I remember my daughter’s first day of third grade as if it was yesterday. She was nervous because she was switching to a bigger school that included third, fourth, and fifth grade kids. Even though she knew some of her classmates already, she was terrified that the bigger kids would pick on her, or that she wouldn’t make any new friends. As a parent, I wanted to shadow her throughout the day to make sure that she was okay, but I told her that the day would be great, and she would do just fine; while at the same time trying to fight back the tears.
I remember being anxious and concerned when I went to go pick her up after school. Did she make new friends? Did she like her new teacher and new classes? Did she get picked on or lost? I ran into the school to meet up with her in the main hallway, and I was quite surprised when I saw her skipping down the hallway, shouting “Mom! We use iPads in class!”

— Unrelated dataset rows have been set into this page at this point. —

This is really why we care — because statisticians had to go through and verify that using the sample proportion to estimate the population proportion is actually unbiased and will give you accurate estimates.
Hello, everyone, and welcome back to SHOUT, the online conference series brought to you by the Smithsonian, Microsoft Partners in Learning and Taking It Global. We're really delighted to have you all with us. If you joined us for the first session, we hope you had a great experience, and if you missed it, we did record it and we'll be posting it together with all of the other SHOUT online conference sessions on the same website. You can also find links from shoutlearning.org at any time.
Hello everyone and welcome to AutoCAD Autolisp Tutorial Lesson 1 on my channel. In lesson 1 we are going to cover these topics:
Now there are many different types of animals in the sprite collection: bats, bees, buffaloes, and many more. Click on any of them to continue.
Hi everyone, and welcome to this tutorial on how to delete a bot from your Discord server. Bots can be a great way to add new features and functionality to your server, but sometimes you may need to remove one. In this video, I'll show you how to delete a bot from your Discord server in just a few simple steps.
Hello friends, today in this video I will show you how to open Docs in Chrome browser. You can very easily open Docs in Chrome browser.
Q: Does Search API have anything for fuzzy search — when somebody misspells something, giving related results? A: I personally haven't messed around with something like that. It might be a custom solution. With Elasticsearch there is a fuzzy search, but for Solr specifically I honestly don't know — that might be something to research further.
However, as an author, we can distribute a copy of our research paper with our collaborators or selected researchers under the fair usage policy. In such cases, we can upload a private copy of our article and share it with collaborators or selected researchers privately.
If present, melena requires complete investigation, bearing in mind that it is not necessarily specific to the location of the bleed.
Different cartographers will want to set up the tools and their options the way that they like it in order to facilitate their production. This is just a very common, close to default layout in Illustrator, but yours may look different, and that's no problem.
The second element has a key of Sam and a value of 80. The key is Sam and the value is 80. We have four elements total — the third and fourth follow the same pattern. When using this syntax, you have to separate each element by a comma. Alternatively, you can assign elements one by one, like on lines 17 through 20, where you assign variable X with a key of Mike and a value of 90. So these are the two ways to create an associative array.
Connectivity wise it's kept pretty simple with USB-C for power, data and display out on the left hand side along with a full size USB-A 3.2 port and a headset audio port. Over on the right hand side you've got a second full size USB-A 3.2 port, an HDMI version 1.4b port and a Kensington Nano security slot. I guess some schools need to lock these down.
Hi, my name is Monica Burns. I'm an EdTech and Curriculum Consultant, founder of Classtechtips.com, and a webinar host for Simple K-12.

The entire car ride home, she explained what the class did with the iPads, and how they were going to continue using them. I was, as any other tech-parent would be, quite impressed. I did not hesitate to RSVP to a computer class invitation, to explain what the students were learning with the available technologies.
During the event, students gave their parents a tour of the computer labs, and showed them what activities they did during class. They even demonstrated some of the apps used on the iPads for certain class activities and assignments. My favorite part of the night was when my daughter’s teacher, Mrs. Liz Langer, invited me into her classroom to show me some of my daughter’s projects.
I was amazed to discover that she had learned how to create QR codes at 8 years old (I don’t even know how to make QR codes). Using a digital recorder, my daughter recorded herself reading a summary of a book she read in class. That digital file was then uploaded onto Langer's computer so a link could be created for the QR code. Once the QR code was made, they printed it out so they could place it on the back of the book that they were summarizing. They also were working with various movie and media apps to produce short newscast productions on certain topics they learned in class.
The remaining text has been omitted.